Söz, Sayın Davutoğlu’nda:

“Gazze’de üç kere Bosna-Sırbistan, Şiiler-Sunniler ve daha pek çok yerde arabulucu olarak yer aldım. Sorduğum ilk soru “Bu sürecin sonunda nereye ulaşmak istiyorsunuz?” olurdu. Ancak Oslo’da denedik pek çok ülke vardı ve yürümediğini gördük…
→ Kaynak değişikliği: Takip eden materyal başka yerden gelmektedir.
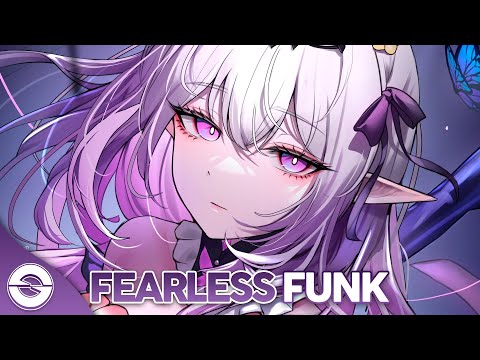 Nightcore - Fearless Funk (Lyrics)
“Tek tipçi zihniyetten uzaklaşmak zorundayız. Baskıcı dayatmacı tepeden inme bir toplum inşa etmeyeceğiz. Çoğulcu bir anlayışla “özgürlük ve güvenlik” in olduğu bir bölge bir Diyarbakır, Batman olması için kararlılığımız sürecek.
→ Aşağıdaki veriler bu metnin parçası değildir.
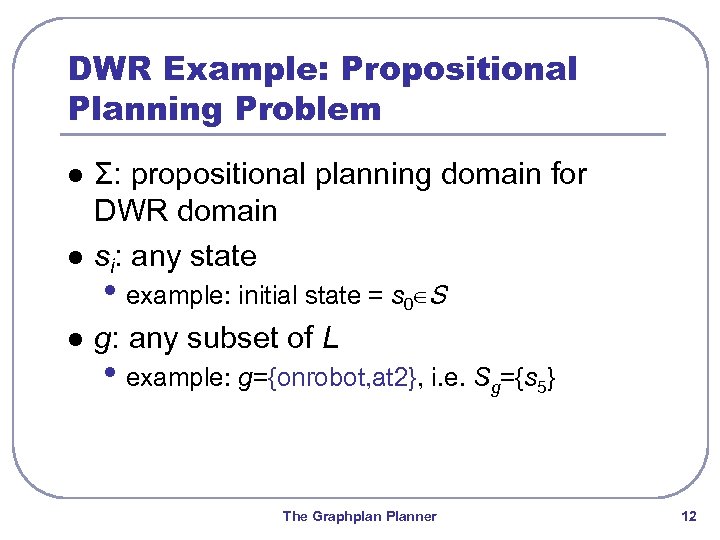 DWR Example: Propositional Planning Problem l Σ: propositional planning domain for DWR domain si:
“Silahlı unsurlar Türkiye’yi yarın terk etsin, Türkiye’ye karşı -ki siyasetin bütün yolları açık- silah kullanılmayacağı ilan edilsin Kobani’de onları destekleyelim.
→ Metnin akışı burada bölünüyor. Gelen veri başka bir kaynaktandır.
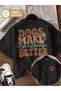 Dogs Make Everything Better Printed Premium Oversize T-Shirt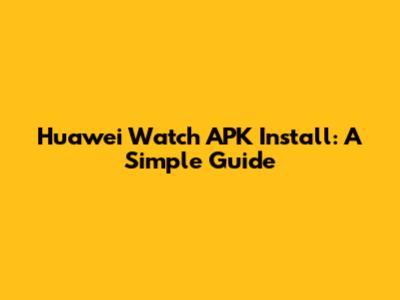 Huawei Watch APK Install: A Simple Guide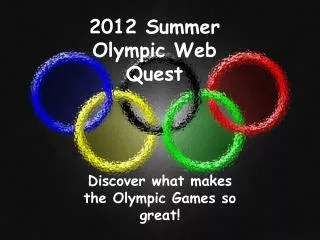 2012 Summer Olympic Web Quest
“Anadil konusunda da okyanusu aştık dereleri de aşacağız. Anayasal gerekler de zamanı gelince… Bazı adımlar da doğal seyri içinde olur, Uçaklarda anons gibi…
“Mesut Barzani’yle Kobani’de Kürtçe konuştuğumu paylaştım. O da, “Benim Diyarbakır’daki Türkçemden iyiydi dedi. Canlı izlemiş. İleri de bir metni ben Kürtçe O da Kürtçe konuşur.
“Biz Diyarbakır’ız Diyarbakır’da biziz. Konya’da İstanbul’da Kürdün şehri… Türkün şehri… Siirt’te Arabın ve Kürdün şehri… Kimse kimseyi ne asimile etmeli ne baskıya uğratmalı…
“Peki. Belediyeler herkese açık mı? İşleyiş demokratik mi? Gün gelecek özerklik şartını da kabul edeceğiz! Ancak seçilmiş olanlar da kendi kararlarını verebilmeli…
“Nasıl bir özerklik tahayyül ediliyor? Düşünce transformasyonu gerçekleştirilebildi mi? 1970’lerin baskıcı ideolojisinden arınılabildi mi?
“Yol haritasını verdim. 15 gün içinde gereklerinin yapılacağı sözü verildi. Ancak 6-7 Ekim’de sabote edildi. Tıpkı Gezi öncesinde başlayan çekilmenin durması ile 17 Aralık sonrasında AKP Hükümetinin düşeceği beklentisiyle çözümün askıya alınmasında olduğu gibi…
“Çözüm sürecini taktik ya da konjoktürel olarak değil, prensip olarak benimsemişiz ve sonuna kadar sürdüreceğiz.
“Bizce Molotof bir silahtır ve silah muamelesi görecektir.
“Suriye’de bütün halklarla Araplar Türkmenler Kürtlerle ilgiliyiz. 300 bin sivil öldü. PYD’nin Rejimle ilişkisini hiç kesmedi. Gelen PYD’li yaralıları tedavi ettik. Peşmerge güçlerinin geçişine izin de verdik. Çünkü Barzani’ye güveniyoruz. Yaparım dediğini yapıyor, yapamam dediğini de yapmıyor. Bu nedenle DAİŞ Erbil’e yakınlaştığında ABD’den havadan müdahale etmesini ve bizim de gerekli yardımı karadan göndereceğimizi söyledik. “Tüm bu nedenlerle “reentegrasyon” diyoruz.